JERSEY CITY, New Jersey — Hearings are getting under way at U.S. Naval Base in Guantanamo Bay, Cuba, ahead of the trial of five suspects accused of masterminding the September 11th attacks. The process is expected to be a long and tedious one and the start of the trial is several months away. The families of victims are watching closely.
The trial will happen far away - in both time and distance - from the destruction of September 11th, 2001.
Judi Jackson Reiss lost her 23-year-old son, Josh, in the World Trade Center attack. To this day, this memorial across the river in New Jersey is as close as she can bring herself to the place where her son died.
For Reiss, the horrible memories are fresh. But she fears many Americans are starting to forget.
“I’ve heard people tell me they’re tired of hearing about it or it’s not going to happen, [that] ‘we’re much safer,’" she said. "But we haven’t learned from our history and that’s a bad thing.”

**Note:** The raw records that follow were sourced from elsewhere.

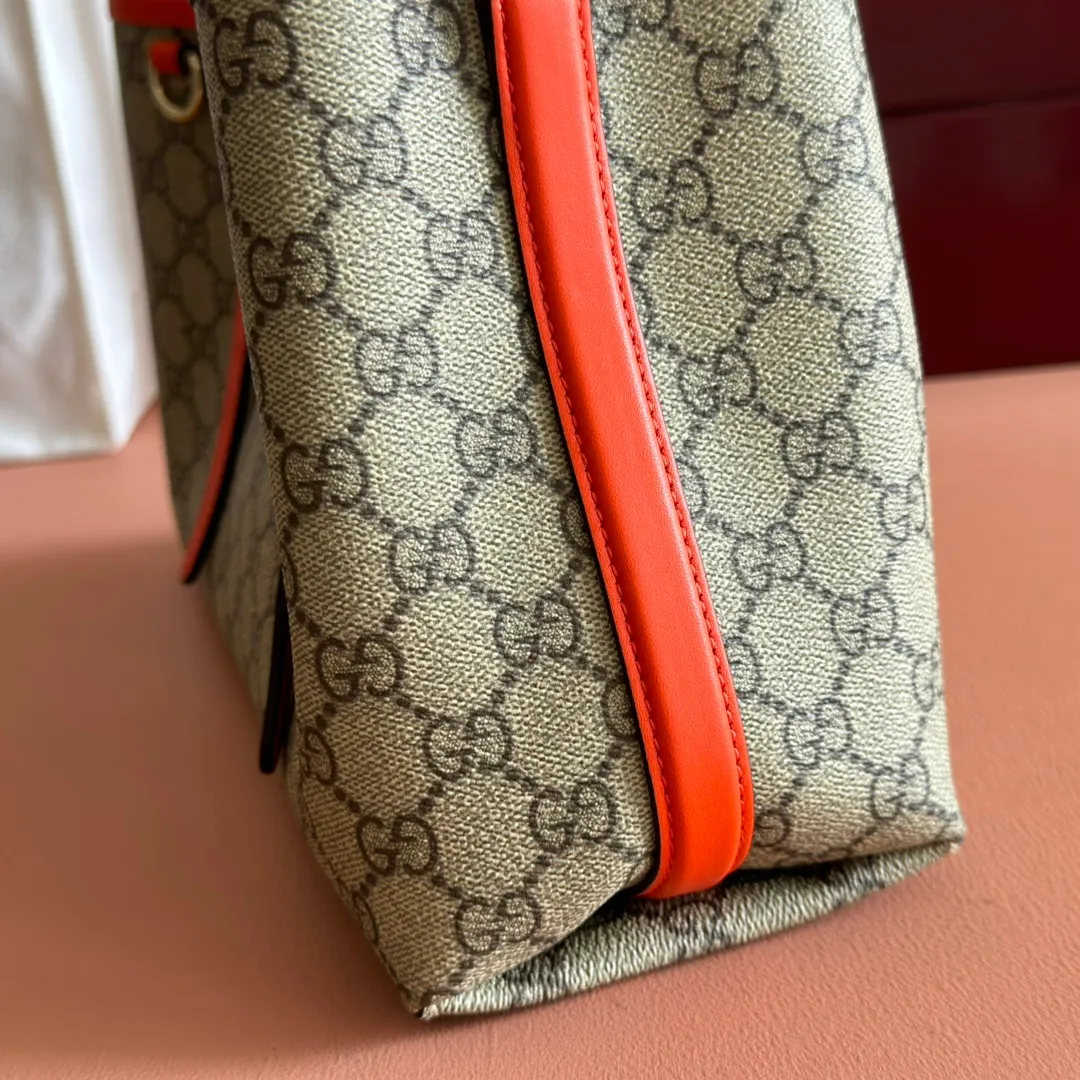 p960. 💋💋💋"With full set of original counter packaging" [New product] GG Emblem series reinterprets the brand's timeless elegance and exquisite craftsmanship. Inspired by the equestrian world, this tote bag features an adjustable top handle with numbered eyelets. Beige and dark brown GG monogram coated fabric Orange leather trim with contrasting stitching Light gold tone hardware Red and green webbing cotton lining The bag pictured is sold separately and does not come with the bag charm. Also features D-ring for attaching removable items Adjustable handle with numbered eyelets (height: 18cm - 28cm) Interior: two compartments and a central zippered compartment Adjustable leather shoulder strap (height: 51.5cm - 57cm; length: 104cm - 114cm) Magnetic snap closure Ident No.: 815214. Dimensions: 30cm (width) x 18cm (height) x 11cm (depth) Weight: approx. 0.8kg Color: Brown Orange/PVC. Made in Italy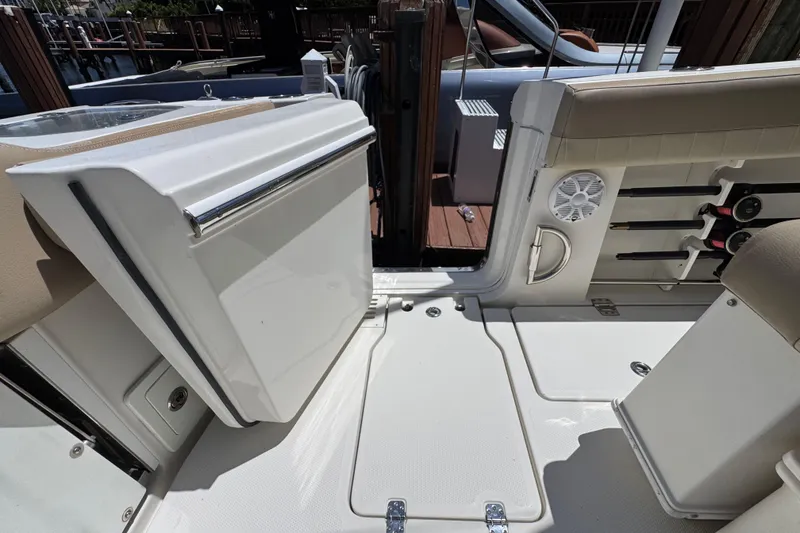 Slide: The Image of 2019 Sailfish 360 CC boat interior with rod holders and seating area. - 34
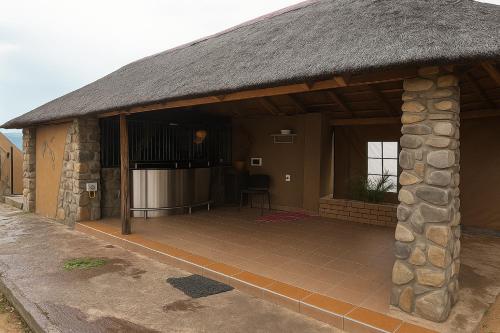 a building with a thatched roof with a patio at Fuleng Guest House - Quthing in Quthing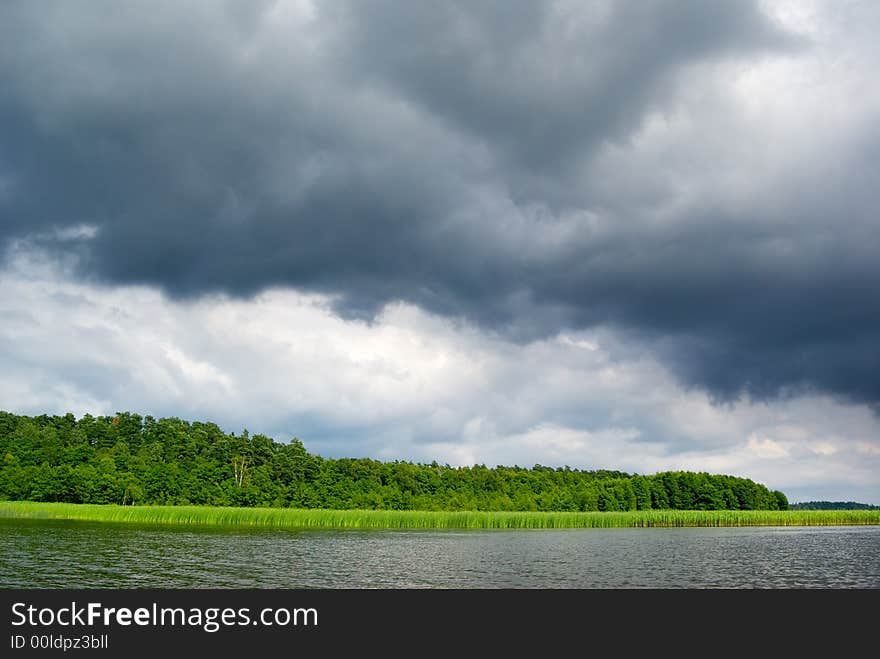 Stormy clouds over the lake. Mazury, Poland. Stormy clouds over the lake. Mazury, Poland.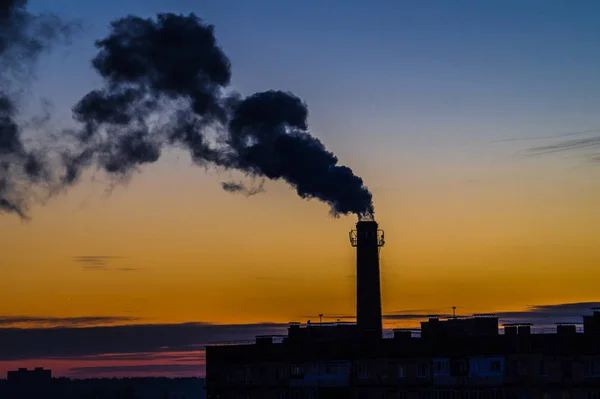 Akşam gökyüzü karşı bir borudan duman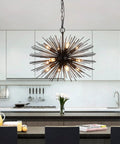 Black Sputnik Starburst Chandelier With 12 Lights 24 Inches Mid Century Firework Pendant Light Fixture in a modern kitchen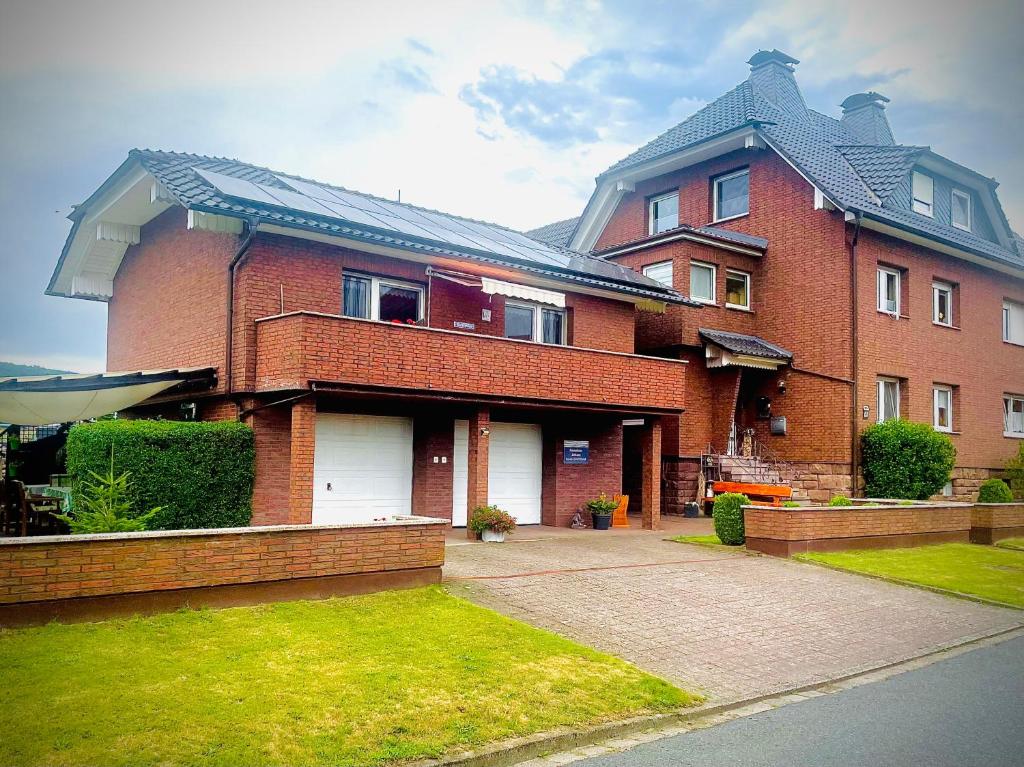a large red brick house with white garage at Ferienhaus Ahlborn in Uslar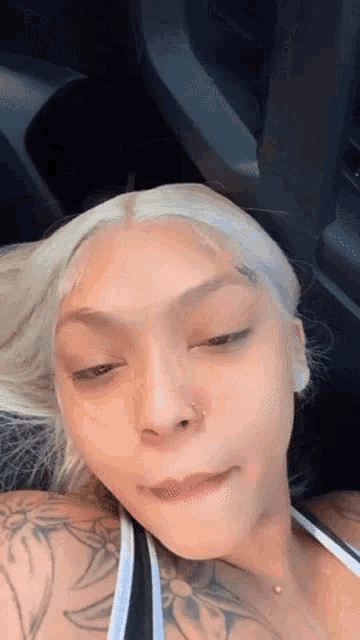 a woman with blonde hair and tattoos is sitting in a car with her eyes closed .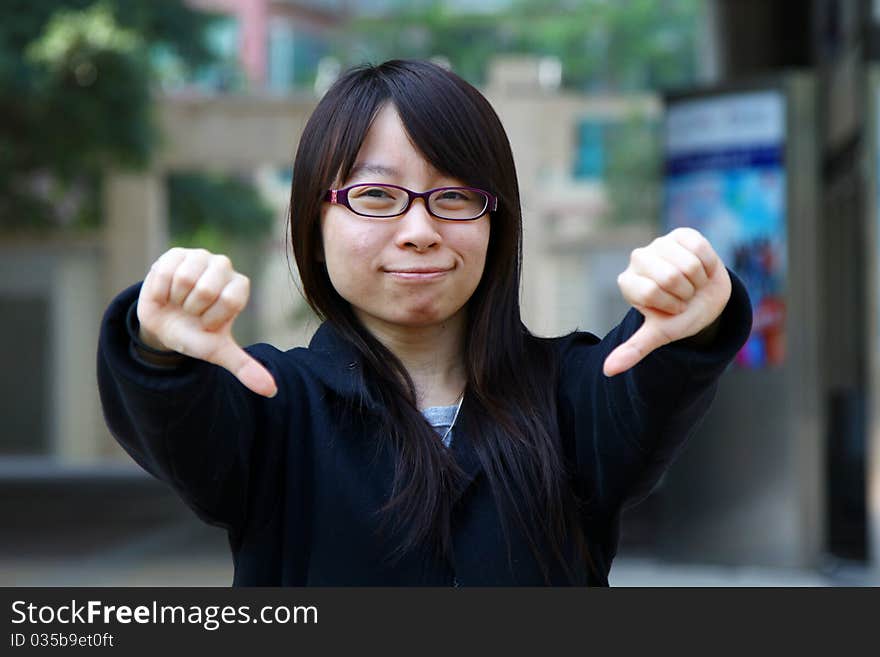 She shows her disagreement with happy face. She shows her disagreement with happy face.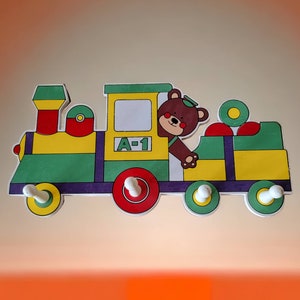 May include: A wooden toy train with a bear conductor. The train is yellow, green, and purple with red wheels. The bear is brown with a yellow hat and is holding a steering wheel. The train has the number A-1 on the side.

Reiss is watching these proceedings closely.
“It is a horrible, tedious process for many, many reasons," she said. "But it needs to work to show the world that our system is good and it does work.”
The hearings will review motions ahead of the trial of self-proclaimed mastermind Khalid Sheik Mohammed and four others accused of planning the attacks. Among other things, the court will have to work to keep the case on track.
During their arraignment on murder and conspiracy charges in May, the suspects refused to answer the judge’s questions. One suspect undressed in front of the judge. They have called the military tribunal unfair, and allege they have been tortured.
Some human rights groups say the tribunals violate the suspects' rights and that they should be tried in civilian courts. The U.S. government denies those allegations. Brigadier General Mark Martins is the chief prosecutor for these cases.
"The law prohibits the use of any statement obtained as the result of torture, or cruel, inhuman or degrading treatment. And we will implement the law," said General Martins.
Betsy Parks, who lost her brother in the attack, says their behavior showed the contempt the suspects have for the United States, which is one reason why she thinks the decision to try them offshore is a good one.
“Their terrorist actions on September 11th were an act of war," she said. "They don’t deserve the privilege of the U.S. court system.”
The trial will not bring back Judi Jackson Reiss’ son and the nearly 3,000 others who perished on September 11th. What is most important for her is that justice march forward.
“This is probably one of the worst things that has ever happened, if not the worst, in this country and we need to show the world that our system works and I need justice for my son,” Reiss said.
She believes that holding the trial - even 11 years later - will keep September 11th alive in the American consciousness.